Now, I understand that he is only flipping the rhetoric back to the some liberal pundits who decried Sarah Palin for her "violent" rhetoric on her website which (they say) led Jared Loughner to shoot Senator Gabrielle Gifford in Tucson a few months ago. But this idea that first-person shooters (FPSs) "promote murder, mayhem and mutilation of other human beings" is something that needs to stop. It's been an extremely popular talking point ever since people tried to find a scapegoat for the Columbine shootings and blamed it on the kids' interest in the game Doom, and it has no basis in fact.

Penn's argument is the starting point for my argument. Those that say that games promote violence and other awful things are the same people that he mentions who are "just not going to understand" the nuances of gaming because they've only experienced it on the surface. I have begun to do some research into the reality of the virtual worlds of games and how they effect the real world, and I have found that although there is a certain reality in the virtual worlds themselves, it does not mean that the players cannot separate themselves from the experience. To say that games promote violence would be like saying playing paintball, or laser tag, or football, or hockey, or Pacman promotes violence. Though these games can be considered violent within the context of the game itself, it does not translate to contexts outside of the game. If it did, we would have to wear pads everywhere we went to avoid being hurt when we were tackled by 300-pound defensive tackles. However, we would probably be too busy running around in a dark room eating little round pills and fruit while being chased by ghosts to worry about it.

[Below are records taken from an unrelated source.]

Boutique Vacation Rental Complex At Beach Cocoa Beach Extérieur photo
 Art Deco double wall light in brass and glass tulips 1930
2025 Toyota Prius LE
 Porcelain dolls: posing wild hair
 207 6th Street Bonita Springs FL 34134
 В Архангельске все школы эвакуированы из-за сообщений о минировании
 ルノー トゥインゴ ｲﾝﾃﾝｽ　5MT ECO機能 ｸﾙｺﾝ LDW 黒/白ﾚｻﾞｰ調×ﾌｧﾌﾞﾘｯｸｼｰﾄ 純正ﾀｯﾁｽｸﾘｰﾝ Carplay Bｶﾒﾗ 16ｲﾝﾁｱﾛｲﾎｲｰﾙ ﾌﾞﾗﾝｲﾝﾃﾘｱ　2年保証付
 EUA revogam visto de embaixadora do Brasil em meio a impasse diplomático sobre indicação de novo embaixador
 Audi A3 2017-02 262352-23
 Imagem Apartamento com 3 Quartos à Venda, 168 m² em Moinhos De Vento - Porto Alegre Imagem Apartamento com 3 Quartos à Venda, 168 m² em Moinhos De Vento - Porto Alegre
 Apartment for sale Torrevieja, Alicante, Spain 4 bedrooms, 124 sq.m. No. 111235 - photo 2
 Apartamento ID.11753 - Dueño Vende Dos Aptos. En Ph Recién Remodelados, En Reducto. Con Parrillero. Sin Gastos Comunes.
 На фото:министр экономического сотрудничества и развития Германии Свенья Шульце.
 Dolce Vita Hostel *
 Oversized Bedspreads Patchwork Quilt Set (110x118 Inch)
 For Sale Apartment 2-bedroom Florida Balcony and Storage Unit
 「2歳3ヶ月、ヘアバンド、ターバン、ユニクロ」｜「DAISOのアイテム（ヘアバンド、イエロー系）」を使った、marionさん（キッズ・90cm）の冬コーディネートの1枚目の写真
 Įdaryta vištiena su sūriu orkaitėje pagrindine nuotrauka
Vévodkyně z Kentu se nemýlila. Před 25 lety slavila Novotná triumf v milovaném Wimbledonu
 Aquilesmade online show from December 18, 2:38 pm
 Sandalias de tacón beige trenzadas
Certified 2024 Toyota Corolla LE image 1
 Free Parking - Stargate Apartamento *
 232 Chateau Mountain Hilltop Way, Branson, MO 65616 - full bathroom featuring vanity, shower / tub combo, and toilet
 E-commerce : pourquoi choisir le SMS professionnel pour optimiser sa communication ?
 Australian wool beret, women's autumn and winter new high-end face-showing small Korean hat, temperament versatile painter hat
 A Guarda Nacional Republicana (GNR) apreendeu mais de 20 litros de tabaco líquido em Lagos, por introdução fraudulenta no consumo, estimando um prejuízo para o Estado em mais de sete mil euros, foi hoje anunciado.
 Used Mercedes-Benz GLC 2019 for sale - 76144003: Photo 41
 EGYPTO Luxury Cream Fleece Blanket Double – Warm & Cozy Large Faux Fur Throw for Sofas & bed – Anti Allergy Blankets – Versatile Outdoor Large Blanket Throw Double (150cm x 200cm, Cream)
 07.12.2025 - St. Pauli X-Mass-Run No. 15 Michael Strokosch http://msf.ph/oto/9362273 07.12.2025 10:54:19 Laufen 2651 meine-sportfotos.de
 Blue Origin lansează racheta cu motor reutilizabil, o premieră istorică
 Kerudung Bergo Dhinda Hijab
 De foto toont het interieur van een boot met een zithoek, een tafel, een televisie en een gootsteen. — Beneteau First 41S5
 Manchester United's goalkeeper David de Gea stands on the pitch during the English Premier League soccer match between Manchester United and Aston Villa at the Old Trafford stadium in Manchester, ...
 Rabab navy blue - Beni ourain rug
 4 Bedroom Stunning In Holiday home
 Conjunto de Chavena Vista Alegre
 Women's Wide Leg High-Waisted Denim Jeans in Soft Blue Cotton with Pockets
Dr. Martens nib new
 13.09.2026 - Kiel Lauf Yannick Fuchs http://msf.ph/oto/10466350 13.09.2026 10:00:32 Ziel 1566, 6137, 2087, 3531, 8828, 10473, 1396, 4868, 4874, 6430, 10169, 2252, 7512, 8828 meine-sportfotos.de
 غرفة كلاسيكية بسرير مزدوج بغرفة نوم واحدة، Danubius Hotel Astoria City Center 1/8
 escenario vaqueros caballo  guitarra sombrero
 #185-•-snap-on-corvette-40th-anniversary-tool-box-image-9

My point is that people accept roles within the games that they play that would never, ever, ever translate into the real world because the rules of the real world prohibit that sort of role. If someone is crazy enough to actually shoot someone for no particular reason, then there are probably way more important issues in that person's life than what type of videogames they play.


  1. Sort of goes back to blaming Pearl Jam or Marilyn Manson for Columbine. I think maybe some folks are more open to certain dark messages, but those folks will ALWAYS find those messages somewhere.

    I think the academy has lots to prove as far as gaming not only being not dangerous, but also worthy of scholarly attention.

  2. That's true. It's funny-- old-school RPGs, the ones with the books and dice got accused of promoting violence too.

  3. I have never understood why there is this stigma about the depiction of violence in video games. Violence is a part of human nature. Plus, people are perfectly capable of separating a virtual world from their actual lives. I play first person shooter games all the time to distress and have fun, but I don't go around shooting people in real life. That would be absurd.

  4. communication is really inportant to every. misunderstanding is bad to every.